Thursday, June 30, 2005

Pretty Pictures

Actually, wasn't going post today but jenn see said she hadn't read Nick Bantock's Griffin and Sabine and I thought...well, I'll let the pictures do the talking. (So expect a slow load.)

I first heard about these books in an introduction by Roger Zelazny of Neil Gaiman's collected Books of Magic, in which Zelazny lauds Bantock for giving a different spin to the age-old story of star-crossed lovers.

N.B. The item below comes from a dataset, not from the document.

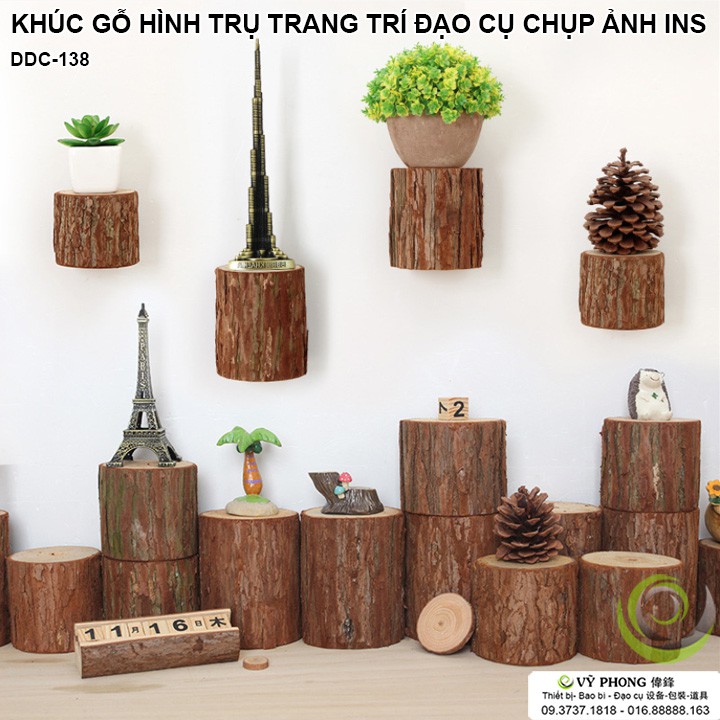 ĐẠO CỤ CHỤP ẢNH KHÚC GỖ TRÒN TỰ NHIÊN HÌNH TRỤ TRANG TRÍ CHỤP ẢNH SẢN PHẨM INS GẮN TƯỜNG DDC-138a,b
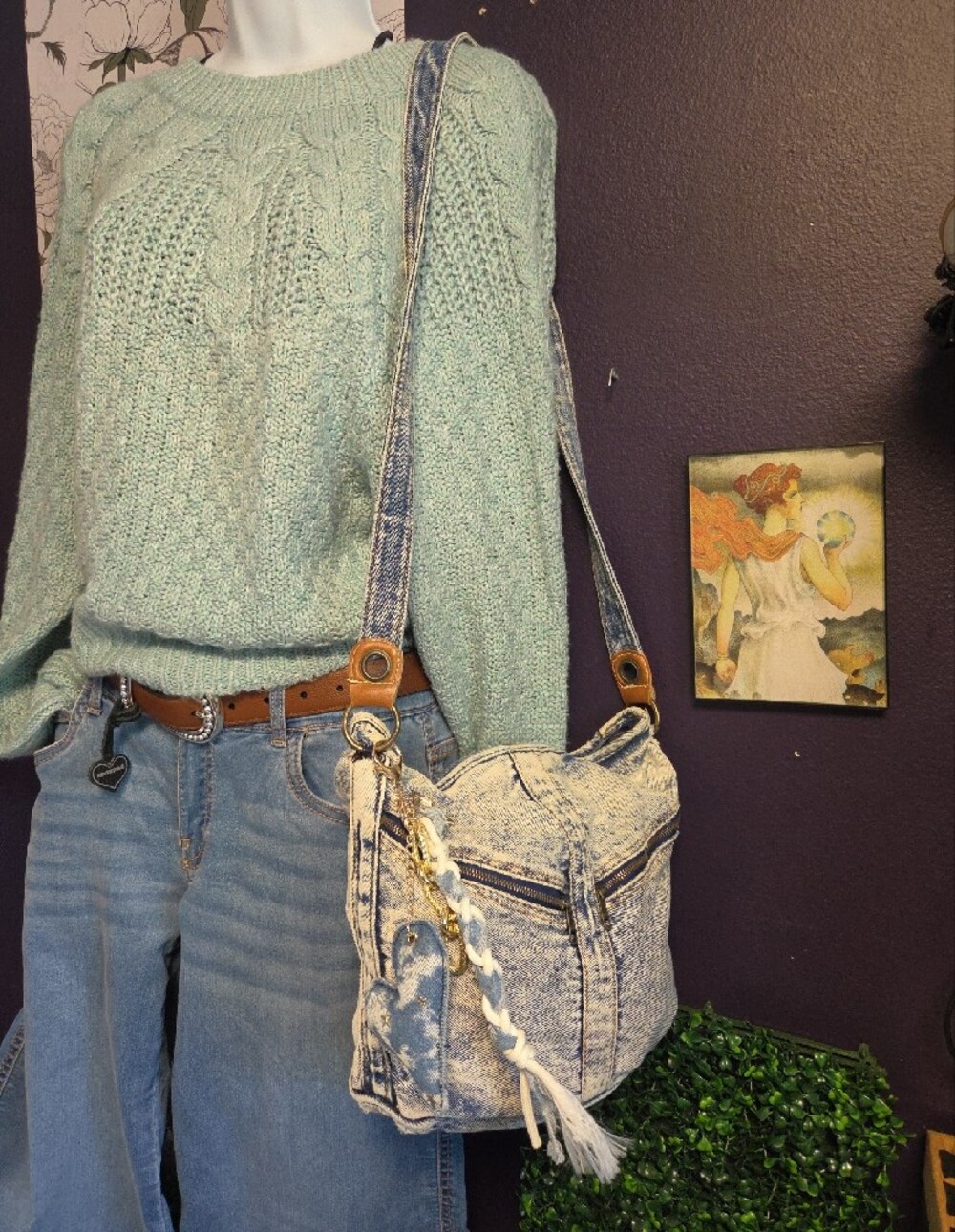 Handmade Acid Washed Denim Crossbody Bag With Doubble Front Pockets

To wit, Griffin and Sabine is a trio of graphic books (Griffin and Sabine, Sabine's Notebook, and The Golden Mean) detailing the surreal romance between two people. Griffin Moss is a postcard designer in London. Sabine Strohem is an illustrator of stamps living on an island in the South Pacific. The two are worlds apart... until Griffin receives a postcard from Sabine revealing that she knows all kinds of things about his life and work as she can somehow share his soul from afar.

They start exchanging love letters but mysteries remain. Why can Sabine only see Griffin's artwork through his eyes but nothing else? Are they literally worlds apart or are there more metaphysical concerns? And who is the mysterious stranger who wants to know the details of their strange link?

"You're a figment of my imagination," Griffin accuses Sabine. "You cannot turn me into a phantom because you are frightened," Sabine replies.

This is a story that's creepy, surreal, at times sentimental and yet haunting: all with impressive-looking and lovely art. The books themselves literally contain the correspondence between the two characters: postcards, front and back, and letters in envelopes pasted into the book, which the reader must open and read.

A definite reading experience: if not for the story, at least for the art.

(I must admit that I haven't read the sequel to these books-- i.e. The Gryphon, Morningstar, and Alexandria-- but then, I'm kind of wary of sequels. Why ruin a good thing, right?)